Even though Iraq is sometimes moving "one step forward, two steps back," it is also making progress, the official said.

The government's goal, he added, has been to convince Americans that Iraq is not a lost cause.

"Are we going to make it? It's an open question," he said.

The official rejected as "fuzzy thinking" proposals to scale back U.S. forces and limit their mission to training Iraqis, searching for militants and supporting the Iraqi military.

"If you're just fighting for your survival, you might as well go home," he said.

In trying to gauge progress, U.S. officials have put far too much weight on the major pieces of legislation aimed at reconciliation, the official said.

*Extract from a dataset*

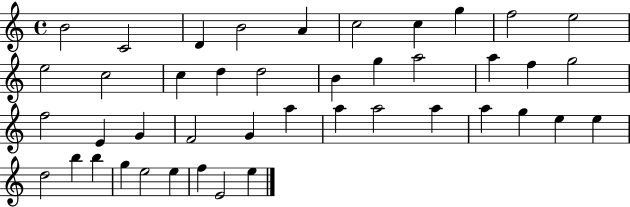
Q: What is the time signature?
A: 4/4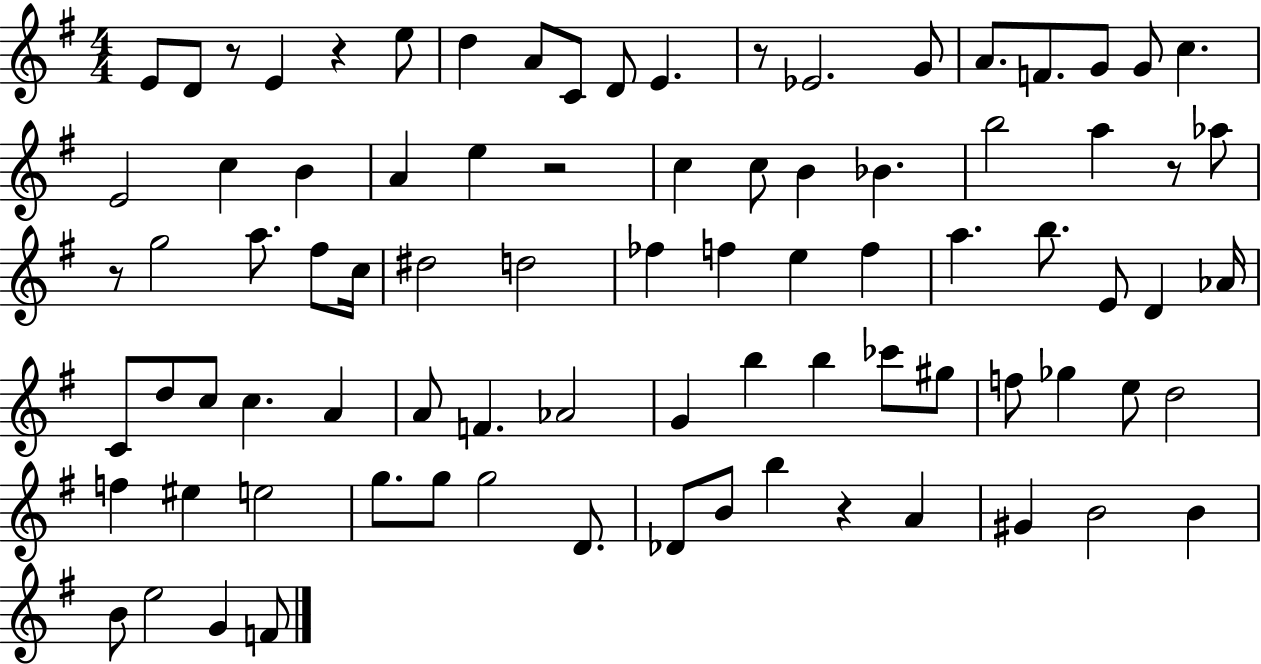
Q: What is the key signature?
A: G major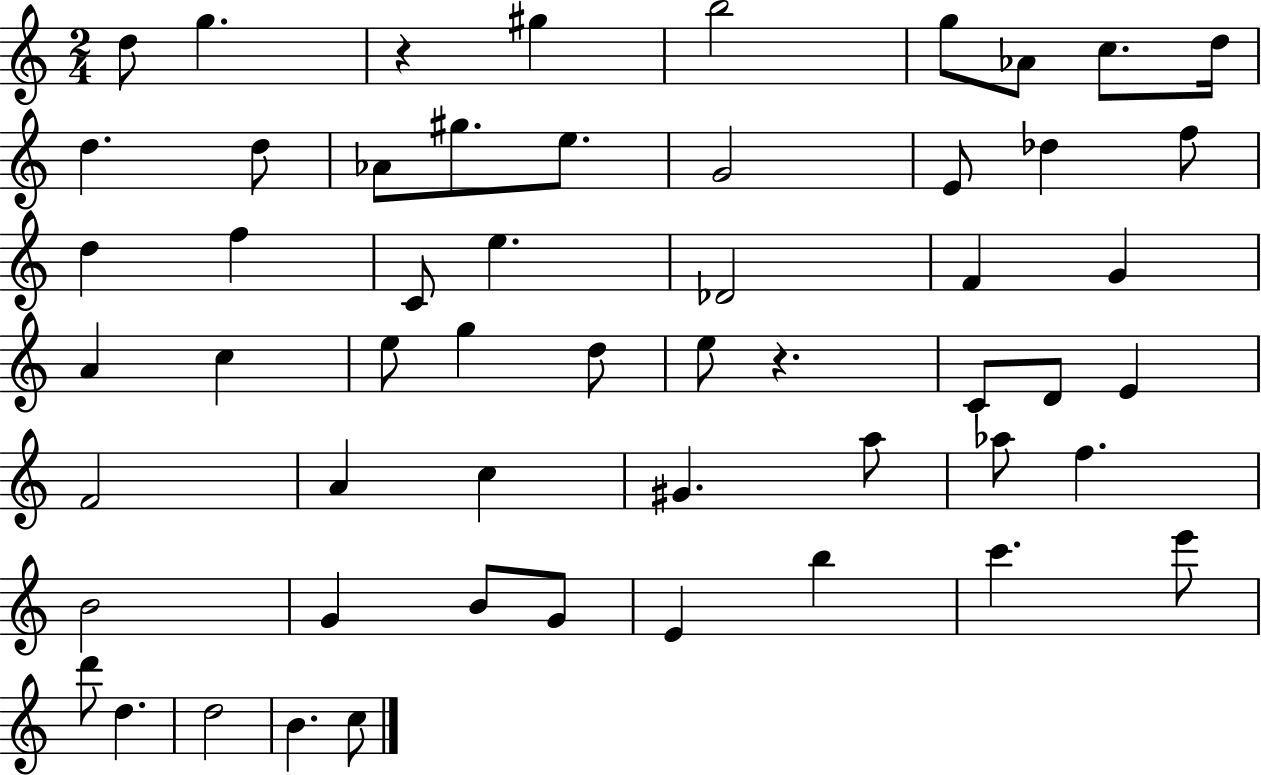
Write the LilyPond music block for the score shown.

Those measures, he continued, "are going to be the hardest ones to deliver on."

But Iraq could demonstrate progress in other ways, the official said, including naming a new Cabinet -- thus replacing Maliki's often feuding ministers with a slate of nonpartisan technocrats who could earn wide public confidence.

For the benchmark goals sought by U.S. officials, little time remains.

Legislation on managing the Iraqi oil industry and sharing revenue was considered a good prospect for passage before the July 31 recess, but it has not been brought up for debate.

The legislation appears to stand little chance of passage because of opposition from Kurdish, Sunni Arab and some Shiite political parties.

In the first hint of political progress in several weeks, the 30-member bloc of lawmakers loyal to radical Shiite Muslim cleric Muqtada Sadr announced Tuesday that they would end their boycott of parliament.

The boycott began after the June 13 bombing of the Golden Mosque, a revered Shiite shrine in Samarra, north of Baghdad.

Also Tuesday, an official from the Iraqi Accordance Front, the main Sunni bloc, said its 44 lawmakers were expected to end their boycott soon.

The return of the lawmakers does not guarantee that any benchmark legislation will pass, however. Both of the returning blocs oppose the oil legislation.

Another of the benchmarks, legislation to end the exclusion of members of the former ruling Baath Party from government posts, has stalled.

A date for provincial elections, which are considered crucial for bringing more Sunni Arabs into governing roles, has not been set.

A fourth key benchmark, revising the constitution, will not be reached until the end of September, at the earliest.

Times staff writer Tina Susman in Baghdad contributed to this report.